**ABOUT THIS EXERCISE:** In the material below, pictures must be dropped. Repeat exactly, and only, the lines from the line with "Calculating contribution margin" to the line with "Hello and welcome", both ends included.

**INFORMATION GIVEN:**
((
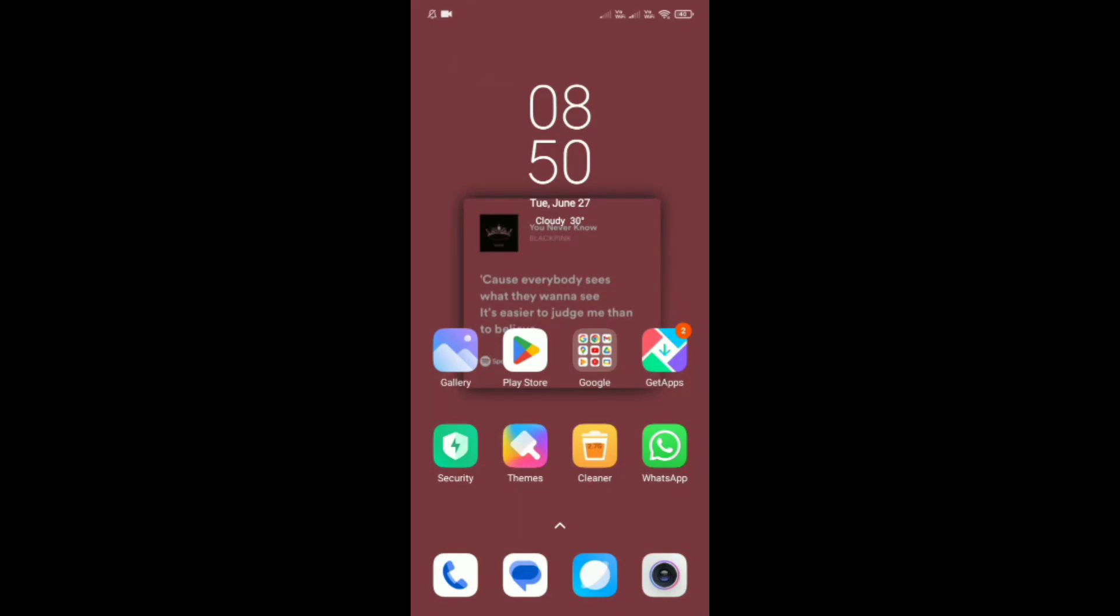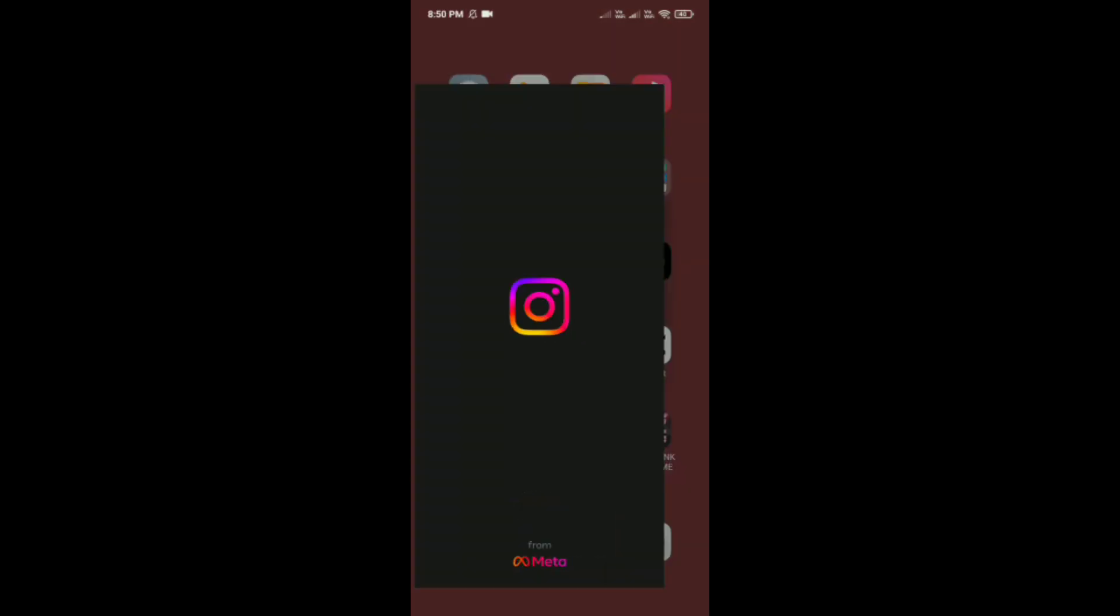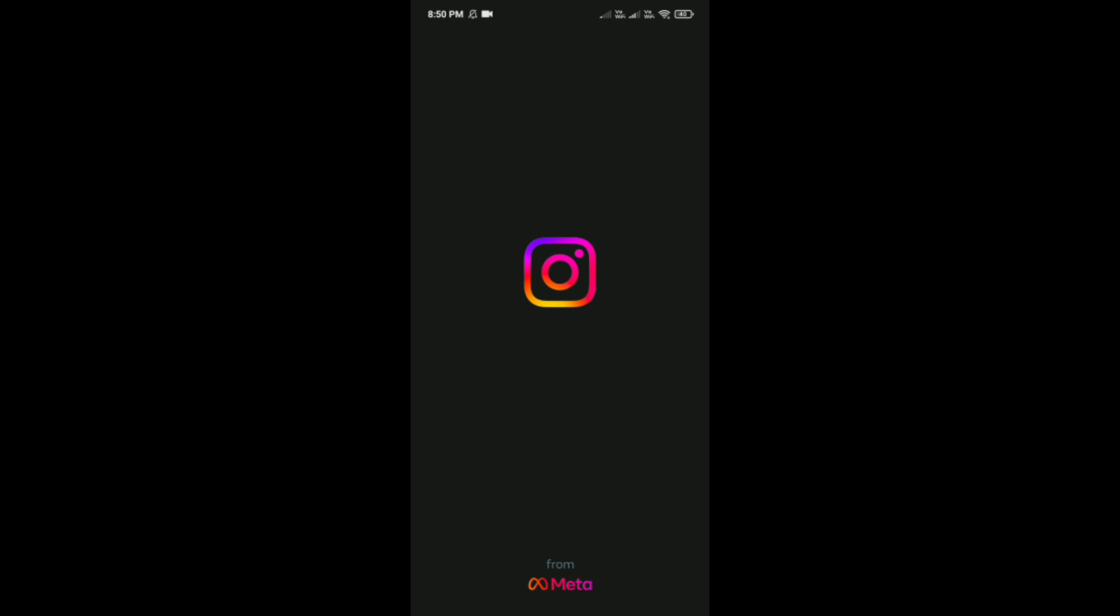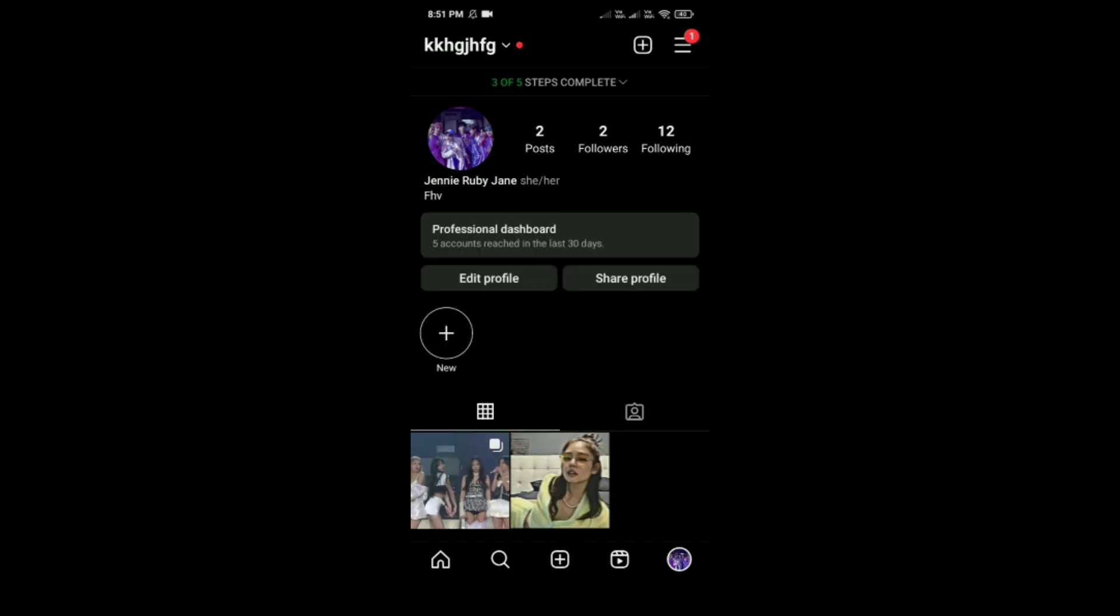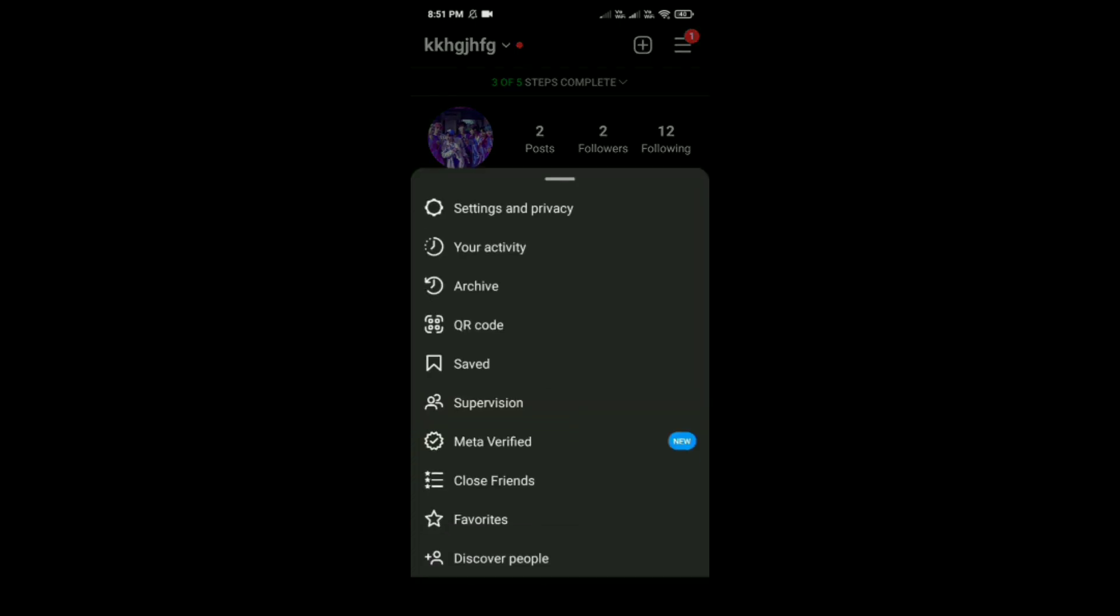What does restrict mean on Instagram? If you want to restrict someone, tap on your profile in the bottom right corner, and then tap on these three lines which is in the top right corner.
))
((
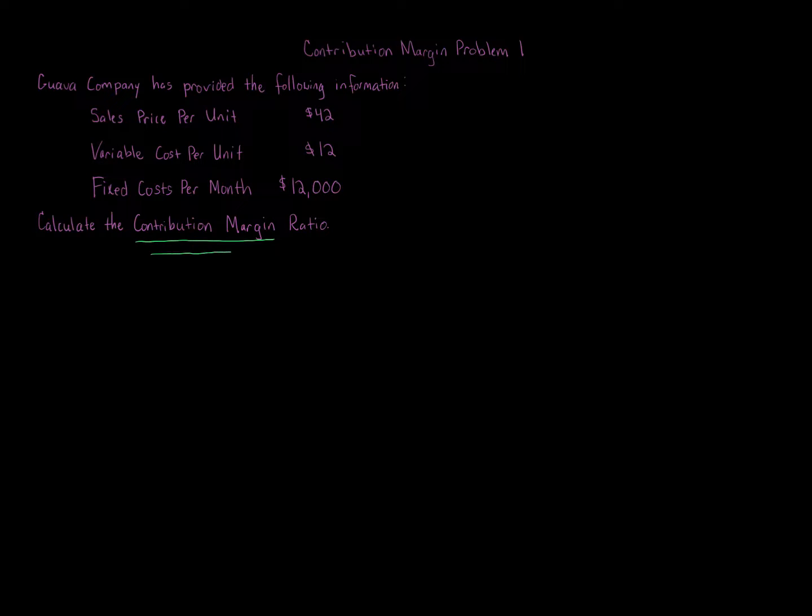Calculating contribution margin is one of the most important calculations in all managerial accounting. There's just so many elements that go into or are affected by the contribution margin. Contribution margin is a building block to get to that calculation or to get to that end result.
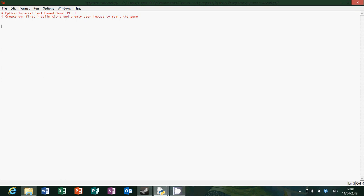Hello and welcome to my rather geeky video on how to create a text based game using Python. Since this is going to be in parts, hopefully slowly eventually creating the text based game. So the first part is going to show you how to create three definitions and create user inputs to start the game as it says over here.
))
**ANSWER TO THIS PROBLEM:**
Calculating contribution margin is one of the most important calculations in all managerial accounting. There's just so many elements that go into or are affected by the contribution margin. Contribution margin is a building block to get to that calculation or to get to that end result.
Hello and welcome to my rather geeky video on how to create a text based game using Python. Since this is going to be in parts, hopefully slowly eventually creating the text based game. So the first part is going to show you how to create three definitions and create user inputs to start the game as it says over here.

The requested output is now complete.